I didn't have time to the third algorithm in detail or to test its running time, but we did manage to run one test for 100,000 values that took less than 0.1 seconds to run. The final algorithm is linear, meaning that the growth function is n.

I had written the code to report the time the algorithm took as well as a count of how many times the most frequently executed statement was executed.

• With the first algorithm, we were able to see that it got very expensive very quickly. It turns out it is an O(n³) algorithm. We saw that going from 1000 items to 2000 items (n to 2n) caused the time to increase by a factor that was pretty close to 8 (2³). We saw a similar increase in the number of times the most frequently executed statement was executed. In going to 3000 (n versus 3n) the time increased by more than the predicted factor of 27, but there are many reasons why that might have happened (not least of which is that these are approximations in the first place). If I had more time to explore this we could have collected more data, but the point is that we would see, in general, that time increases as the cube of the size of the input, as does the count of the most frequently executed statement.
• We had to comment out the call on the first algorithm to be able to get meaningful data for the second algorithm. We compared results for 25 thousand numbers versus 50 thousand numbers and saw that both the time and the line count increased by a factor very close to 4. This is an O(n²) algorithm, so that's what we would expect (having input go from n to 2n causes time to go from t to 4t because 2² is 4).
• We commented out the call on the second algorithm as well to see how the third algorithm performed.
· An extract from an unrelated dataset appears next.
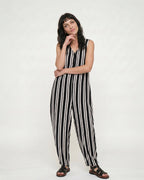 Tru Black Stripe Print Jumpsuit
It is so fast that we almost couldn't get meaningful data. Finally when we asked it to use a list of 10 million values it slowed down enough that we could get a meaningful time. The final algorithm runs in O(n) time and we saw that the line count was very well behaved (always equal to n, the size of the array).

I pointed out that I see a lot of undergraduates who obsess about efficiency and I think that in general it's a waste of their time. Many computer scientists have commented that premature optimization is counterproductive. Don Knuth has said that "Premature optimization is the root of all evil." The key is to focus your attention where you can get real benefit. The analogy I'd make is that if you found that a jet airplane weighed too much, you might decide to put the pilot on a diet. While it's true that in some sense every little bit helps, you're not going to make much progress by trying to slim down the pilot when the plane and its passengers and cargo weigh so much more than the pilot. I see lots of undergraduates putting the pilot on a diet while ignoring much more important details.

In the case of our three algorithms from Monday, I think some people would choose the first or second approach and would torture themselves to get it to run as quickly as possible. But the real breakthrough comes from choosing the third approach that had a much better growth rate than the other two.

We'll pick up with this example in Friday's lecture when we discuss more about complexity.